Re: [PATCH] block: check more requests for multiple_queues in blk_attempt_plug_merge

Jens Axboe <axboe@xxxxxxxxx> · Thu, 10 Mar 2022 18:21:33 -0700

On 3/10/22 6:14 PM, Ming Lei wrote:
> On Thu, Mar 10, 2022 at 05:36:44PM -0700, Jens Axboe wrote:
>> On 3/10/22 5:31 PM, Song Liu wrote:
>>> On Thu, Mar 10, 2022 at 4:07 PM Jens Axboe <axboe@xxxxxxxxx> wrote:
>>>>
>>>> On 3/10/22 4:33 PM, Song Liu wrote:
>>>>> On Thu, Mar 10, 2022 at 3:02 PM Jens Axboe <axboe@xxxxxxxxx> wrote:
>>>>>>
>>>>>> On 3/10/22 3:37 PM, Song Liu wrote:
>>>>>>> On Thu, Mar 10, 2022 at 2:15 PM Jens Axboe <axboe@xxxxxxxxx> wrote:
>>>>>>>>
>>>>>>>> On 3/8/22 11:42 PM, Song Liu wrote:
>>>>>>>>> RAID arrays check/repair operations benefit a lot from merging requests.
>>>>>>>>> If we only check the previous entry for merge attempt, many merge will be
>>>>>>>>> missed. As a result, significant regression is observed for RAID check
>>>>>>>>> and repair.
>>>>>>>>>
>>>>>>>>> Fix this by checking more than just the previous entry when
>>>>>>>>> plug->multiple_queues == true.
>>>>>>>>>
>>>>>>>>> This improves the check/repair speed of a 20-HDD raid6 from 19 MB/s to
>>>>>>>>> 103 MB/s.
>>>>>>>>
>>>>>>>> Do the underlying disks not have an IO scheduler attached? Curious why
>>>>>>>> the merges aren't being done there, would be trivial when the list is
>>>>>>>> flushed out. Because if the perf difference is that big, then other
>>>>>>>> workloads would be suffering they are that sensitive to being within a
>>>>>>>> plug worth of IO.
>>>>>>>
>>>>>>> The disks have mq-deadline by default.

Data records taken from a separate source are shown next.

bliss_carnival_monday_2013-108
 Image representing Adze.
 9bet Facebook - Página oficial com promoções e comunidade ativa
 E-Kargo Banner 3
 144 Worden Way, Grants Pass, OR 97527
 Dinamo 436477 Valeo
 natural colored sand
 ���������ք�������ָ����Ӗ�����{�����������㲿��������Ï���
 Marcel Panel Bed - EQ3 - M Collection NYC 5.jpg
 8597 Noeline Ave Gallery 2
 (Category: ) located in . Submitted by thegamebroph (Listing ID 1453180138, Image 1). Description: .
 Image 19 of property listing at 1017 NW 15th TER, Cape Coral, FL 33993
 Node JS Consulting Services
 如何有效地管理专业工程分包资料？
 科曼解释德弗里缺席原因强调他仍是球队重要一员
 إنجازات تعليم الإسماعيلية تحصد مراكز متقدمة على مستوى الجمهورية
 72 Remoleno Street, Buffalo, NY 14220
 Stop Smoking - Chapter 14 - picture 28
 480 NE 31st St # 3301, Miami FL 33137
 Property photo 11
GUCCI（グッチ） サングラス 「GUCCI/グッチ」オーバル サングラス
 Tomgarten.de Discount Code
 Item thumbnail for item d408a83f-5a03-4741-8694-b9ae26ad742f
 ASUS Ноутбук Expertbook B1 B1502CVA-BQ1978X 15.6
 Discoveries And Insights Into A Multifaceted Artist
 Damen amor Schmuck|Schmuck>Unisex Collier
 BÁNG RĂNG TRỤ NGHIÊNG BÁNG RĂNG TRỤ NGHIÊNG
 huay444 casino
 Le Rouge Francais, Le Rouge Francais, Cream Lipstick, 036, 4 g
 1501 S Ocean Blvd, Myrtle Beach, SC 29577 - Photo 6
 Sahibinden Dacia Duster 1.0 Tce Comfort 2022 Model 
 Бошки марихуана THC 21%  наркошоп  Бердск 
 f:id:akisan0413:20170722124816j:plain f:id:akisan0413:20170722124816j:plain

I also tried kyber, the result
>>>>>>> is the same. Raid repair work sends IOs to all the HDDs in a
>>>>>>> round-robin manner. If we only check the previous request, there isn't
>>>>>>> much opportunity for merge. I guess other workloads may have different
>>>>>>> behavior?
>>>>>>
>>>>>> Round robin one at the time? I feel like there's something odd or
>>>>>> suboptimal with the raid rebuild, if it's that sensitive to plug
>>>>>> merging.
>>>>>
>>>>> It is not one request at a time, but more like (for raid456):
>>>>>    read 4kB from HDD1, HDD2, HDD3...,
>>>>>    then read another 4kB from HDD1, HDD2, HDD3, ...
>>>>
>>>> Ehm, that very much looks like one-at-the-time from each drive, which is
>>>> pretty much the worst way to do it :-)
>>>>
>>>> Is there a reason for that? Why isn't it using 64k chunks or something
>>>> like that? You could still do that as a kind of read-ahead, even if
>>>> you're still processing in chunks of 4k.
>>>
>>> raid456 handles logic in the granularity of stripe. Each stripe is 4kB from
>>> every HDD in the array. AFAICT, we need some non-trivial change to
>>> enable the read ahead.
>>
>> Right, you'd need to stick some sort of caching in between so instead of
>> reading 4k directly, you ask the cache for 4k and that can manage
>> read-ahead.
>>
>>>>>> Plug merging is mainly meant to reduce the overhead of merging,
>>>>>> complement what the scheduler would do. If there's a big drop in
>>>>>> performance just by not getting as efficient merging on the plug side,
>>>>>> that points to an issue with something else.
>>>>>
>>>>> We introduced blk_plug_max_rq_count() to give md more opportunities to
>>>>> merge at plug side, so I guess the behavior has been like this for a
>>>>> long time. I will take a look at the scheduler side and see whether we
>>>>> can just merge later, but I am not very optimistic about it.
>>>>
>>>> Yeah I remember, and that also kind of felt like a work-around for some
>>>> underlying issue. Maybe there's something about how the IO is issued
>>>> that makes it go straight to disk and we never get any merging? Is it
>>>> because they are sync reads?
>>>>
>>>> In any case, just doing larger reads would likely help quite a bit, but
>>>> would still be nice to get to the bottom of why we're not seeing the
>>>> level of merging we expect.
>>>
>>> Let me look more into this. Maybe we messed something up in the
>>> scheduler.
>>
>> I'm assuming you have a plug setup for doing the reads, which is why you
>> see the big difference (or there would be none). But
>> blk_mq_flush_plug_list() should really take care of this when the plug
>> is flushed, requests should be merged at that point. And from your
>> description, doesn't sound like they are at all.
> 
> requests are shared, when running out of request, plug list will be
> flushed early.

That is true, but I don't think that's the problem here with the round
robin approach. Seems like it'd drive a pretty low queue depth, even
considering SATA.

> Maybe we can just put bios into plug list directly, then handle them
> all in blk_mq_flush_plug_list.

That might not be a bad idea regardless. And should be trivial now, with
the plug list being singly linked anyway.

-- 
Jens Axboe